Gin pole truck driver almost got a driller killed setting substructure mats on a dam cold day. -25° on top of a hill wind blowing like mad and the driver backed into an already set mat to hard and chain broke and the mat swung and push the driller under up to his neck. Couldn’t pry the mat up with swamp pipes but the gin pole truck got backed in and we got the mat up enough to pull him out. His foot up on his chest only good thing was we’re close to Dickinson nd and ambulance came in 20 minute. Driller was sweating like a pig despite the cold.
multiple compound breaks tibia and fibula plus the femur bone. He lived but came back to work 11 months later still not walking normal. Can’t remember if he had broken ribs or not but we visited the hospital the next day and he said “boys I thought I knew what pain was but I didn’t have a clue”
severe cold causes all kinds of trouble.
 

KsRancher

WKR
Joined
Jun 6, 2018
Messages
707
Western ND. Triple drilling rig I was on had steam for heat but jets were too small in the boiler to get things real warm. We use methanol in a used steel dope thread bucket and tossed in a match doesn't soot things up.
when we moved the rig is when we got real cold as no heat.
Gin pole truck driver almost got a driller killed setting substructure mats on a dam cold day. -25° on top of a hill wind blowing like mad and the driver backed into an already set mat to hard and chain broke and the mat swung and push the driller under up to his neck. Couldn’t pry the mat up with swamp pipes but the gin pole truck got backed in and we got the mat up enough to pull him out. His foot up on his chest only good thing was we’re close to Dickinson nd and ambulance came in 20 minute. Driller was sweating like a pig despite the cold.
multiple compound breaks tibia and fibula plus the femur bone. He lived but came back to work 11 months later still not walking normal. Can’t remember if he had broken ribs or not but we visited the hospital the next day and he said “boys I thought I knew what pain was but I didn’t have a clue”
severe cold causes all kinds of trouble.
Dang. No thanks. Glad I got out when I did. That work wasn't for me.
 

Burnsie

WKR
Joined
Feb 3, 2017
Messages
306
Location
Illinois
Never had such cold fingers as when I used to ice fish walleye with a buddy of mine. We would drive out on the ice and sit for hours in the dark playing cards and watching for our tip-ups to trip. We were often out in 15-20 below temps. Was fine until you had a fish on - hands in the water, wet slimy fish coming up through the hole.

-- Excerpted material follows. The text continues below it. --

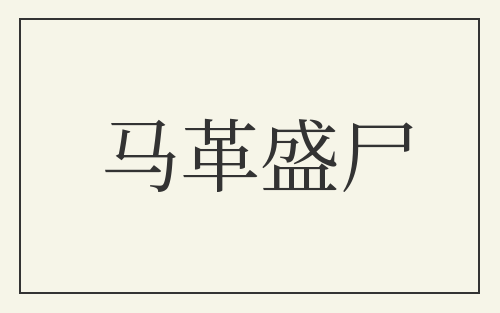 马革盛尸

By the time you had the fish on the ice, your hook re-baited and tip-up reset your fingers felt like they were going to fall off. You prayed you didn't have another fish on for awhile, so you could warm up.
 

49ereric

WKR
Joined
Jun 21, 2022
Messages
894
Never had such cold fingers as when I used to ice fish walleye with a buddy of mine. We would drive out on the ice and sit for hours in the dark playing cards and watching for our tip-ups to trip. We were often out in 15-20 below temps. Was fine until you had a fish on - hands in the water, wet slimy fish coming up through the hole. By the time you had the fish on the ice, your hook re-baited and tip-up reset your fingers felt like they were going to fall off. You prayed you didn't have another fish on for awhile, so you could warm up.
first thing I did was light the Coleman lantern for hand heat. That cold I rarely fished unless the wind switched to W-SW for the sunset walleye bite.